That the court should have regard to the carer’s claims of reasonable needs by reference to the figures they produce is inevitable. They are generally expected to be ambitious but allow some realistic assessment to be made. I do not accept Mr Turner’s argument which amounts to there being a legitimate inference to be read in the construction of Schedule 1, paragraph 4 (a) and (c), to the effect that the only parameters upon the financial needs of the illegitimate child of a super rich parent is the size of the absent parent’s wealth and the concomitant lifestyle they do or could adopt (to guard against comparison with a parent miserly in their own habits).

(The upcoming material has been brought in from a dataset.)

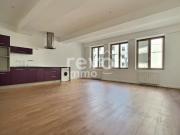 Appartement rénové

Consequently, I consider the criticisms of Bodey J’s approach summarised in paragraph 6 above to be baseless. The articulated exercise of his discretion in making the award and subsequently refusing to vary the same is faultless. In brief, he did not condone the use of the millionaire’s defence, nor wholly consign the general principle to oblivion. He did make adverse findings against the father in terms of his affluence. He dismissed any interpretation of well established authorities which suggested a “ceiling” or “bracket” of awards. He endorsed the mother’s application in relation to housing, save in relation to outright transfer, against which Mr Turner did “not argue here”. His critique of the budget was not conducted with a view to paring down the figure to bare necessities merely to ensure that he did not exceed the lawful ambit of Schedule 1. These are the reasons that led me to agree to the dismissal of the appeal.

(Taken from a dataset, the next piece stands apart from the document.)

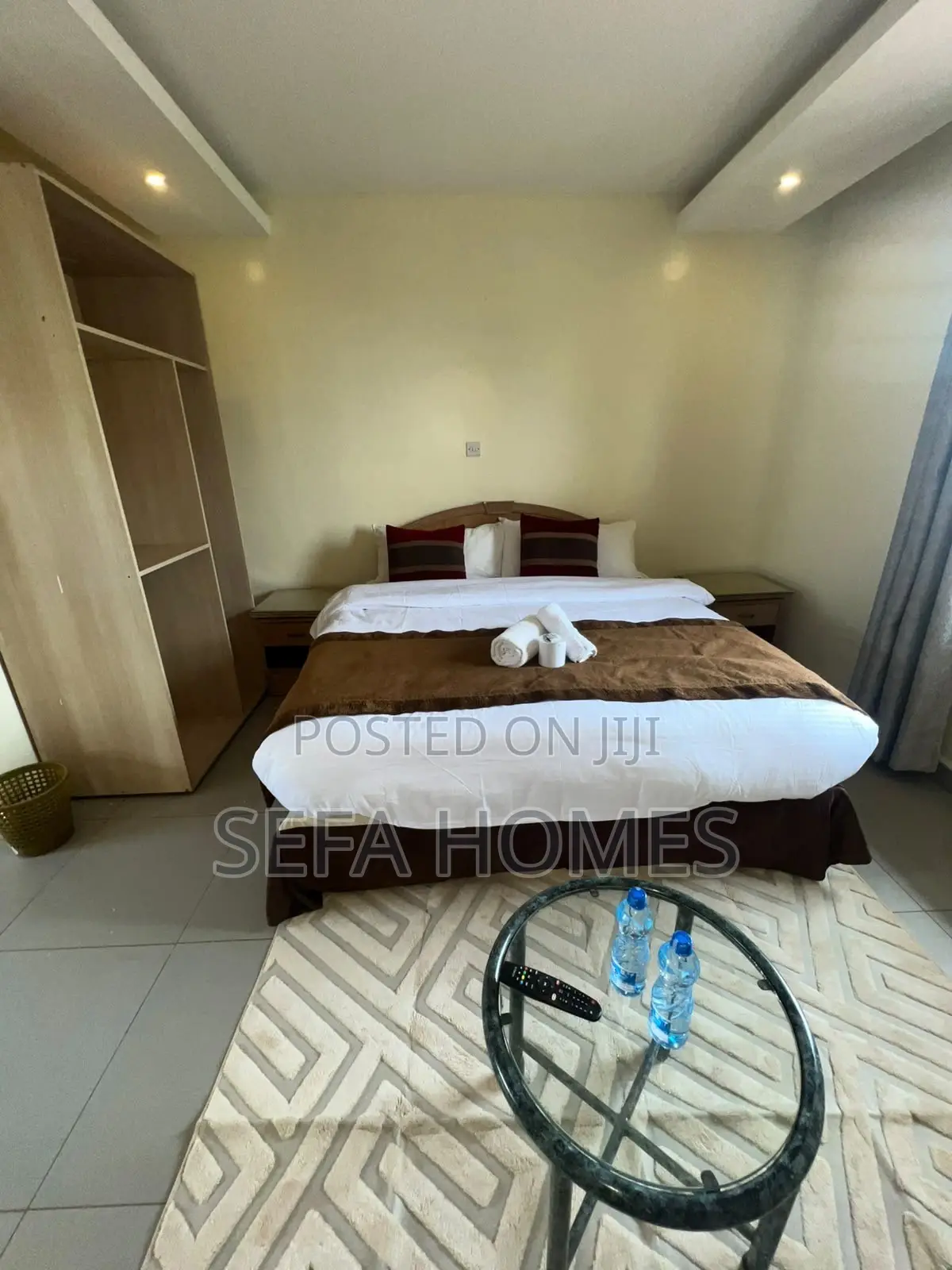 Ruaka Guest House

Bodey J’s refusal in December 2013 to vary the order made in respect of periodical payments in March 2013 was undoubtedly right. The relevant part of his December judgment reads:
“The order...was made on 1 March 2013…by the 12th April 2013..the mother was e-mailing the father’s solicitors saying that it would be necessary for her to receive …£11,000 per month more than the court order. Then by 30 August comes the mother’s formal application itself …[my] view as to the reasonable amount was taken in March 2013. The remedy was to go to the Court of Appeal, if it was felt that I was insufficiently generous and therefore wrong. If I was right, then it is not right to vary it in the manner now sought”.
By making the totally unmeritorious application for variation heard in December 2013, the mother was thereafter able to seek to challenge the March order some five months out of time (from the date of sealing the order), as a necessary antecedent to the appeal she brought within time. This manipulates the procedural rules and in my view should be guarded against by a refusal to extend time, absent good and compelling reasons.

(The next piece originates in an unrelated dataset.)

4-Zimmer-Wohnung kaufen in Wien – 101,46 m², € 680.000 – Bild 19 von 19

The question of costs of the appeal was dealt with at the conclusion of the hearing. The father’s costs amounted to in excess of £92,000. He had attempted to compromise the appeal even though the single judge had indicated his doubts as to the prospect of a successful appeal on the merits. The mother’s own costs schedule showed a figure in the region of £130,000, said to be inflated by virtue of the fact that she held a “beauty parade” of two counsel’s skeleton arguments drafted for this appeal. The mother was ordered to pay a contribution of £25,000 towards the father’s costs, to be deducted at the rate of £1000 per month from the periodical payments ordered by Bodey J. The argument routinely deployed that such orders impact upon the monies available for S begs an obvious question. The mother must act responsibly in the stewardship of the monies that are paid for S’s benefit. She is not entitled to assume that a court will countenance her unmerited applications by declining to order costs against her or ordering further lump sums to be paid by the father to make good the shortfall.
Sir Stanley Burnton:
I agree with both judgments.
Lord Justice Lewison:
I have had the advantage of reading the draft judgment of Macur LJ which encapsulates the reasons why I joined in the decision to dismiss the appeal. I would, however, like to add a few observations of my own.
In the days when a wife’s share of matrimonial assets was governed by an assessment of her “needs”, however generously interpreted, the so-called “millionaire’s defence” enabled the super-rich to avoid giving full details of their wealth on the basis that however generously the wife’s needs were assessed the husband could meet any order that the court made. Those days have now gone. The reason why they have gone is the result of the decisions of the House of Lords in White v White  1 AC 596 and Miller v Miller  UKHL 24,  2 AC 681.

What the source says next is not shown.